- **TASK TO COMPLETE**: Repeat what the lines below say, word for word, and skip every image.

- **GIVEN MATERIAL**:
:::::
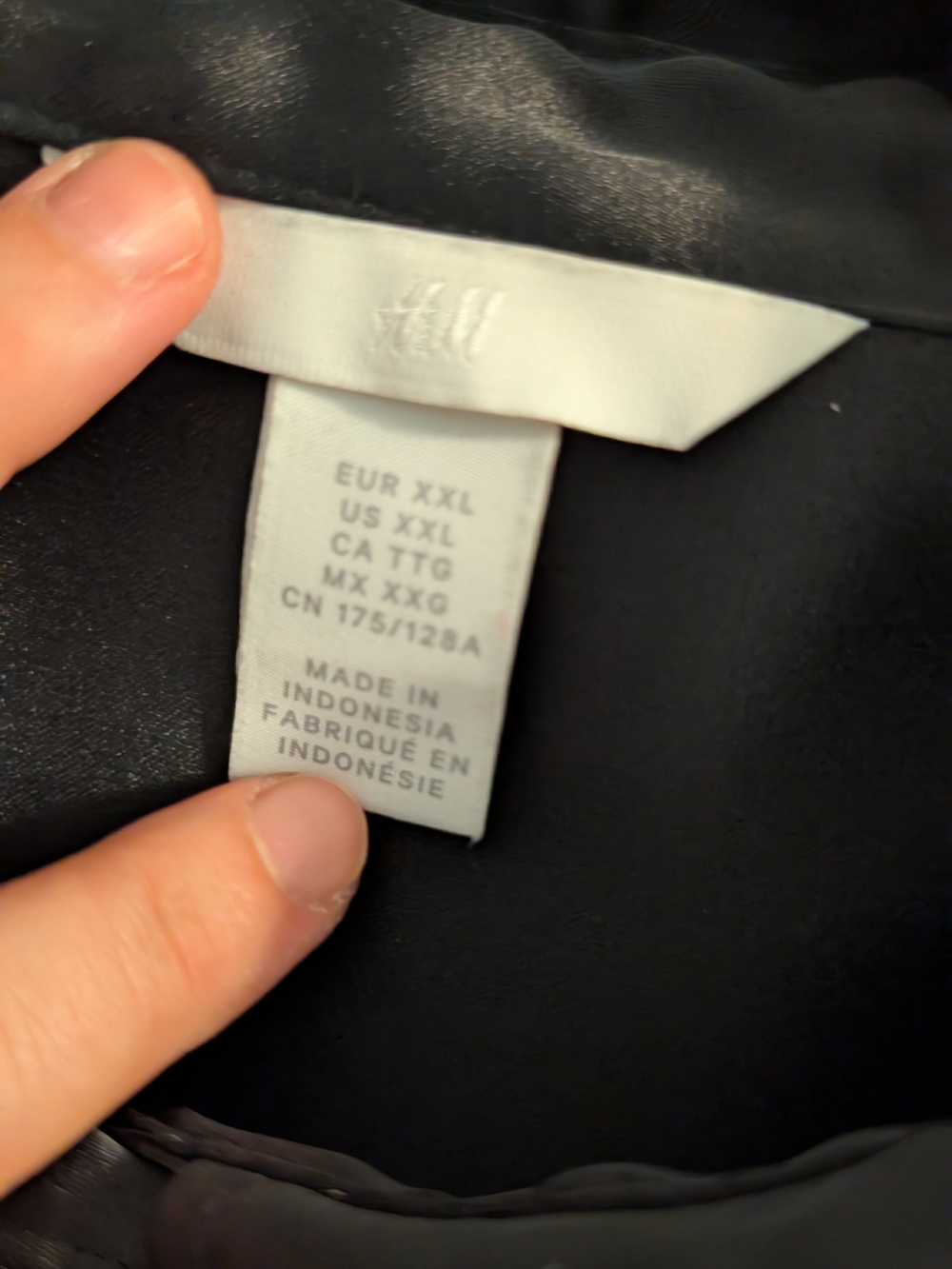 H&M Black Satin Button-Down Blouse - Picture 7 of 8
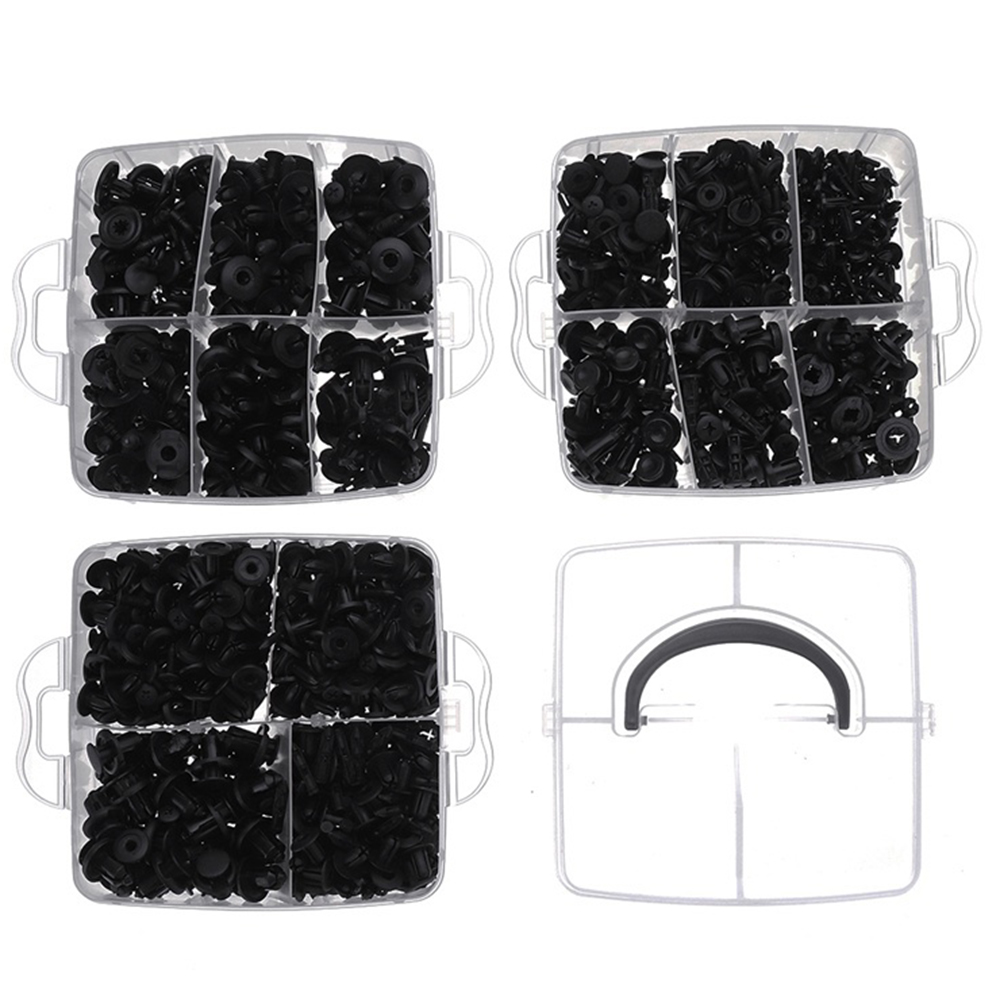 min様 625 Piece Automotive Fastener Clip Hybrid Body Push Bumper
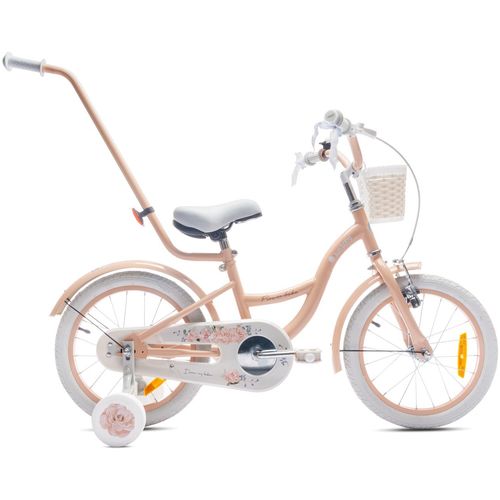 Dječji bicikl guralica Flower 16" boja breskve slika 2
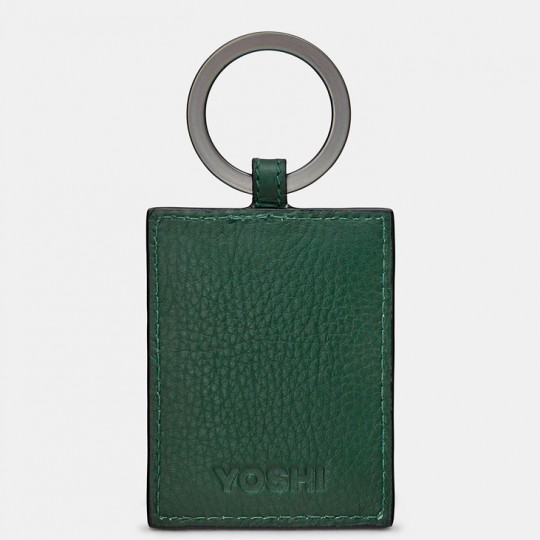 No 82 Green Racing Stripe Keyring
:::::
- **REPLY**:
 H&M Black Satin Button-Down Blouse - Picture 7 of 8
 min様 625 Piece Automotive Fastener Clip Hybrid Body Push Bumper
 Dječji bicikl guralica Flower 16" boja breskve slika 2
 No 82 Green Racing Stripe Keyring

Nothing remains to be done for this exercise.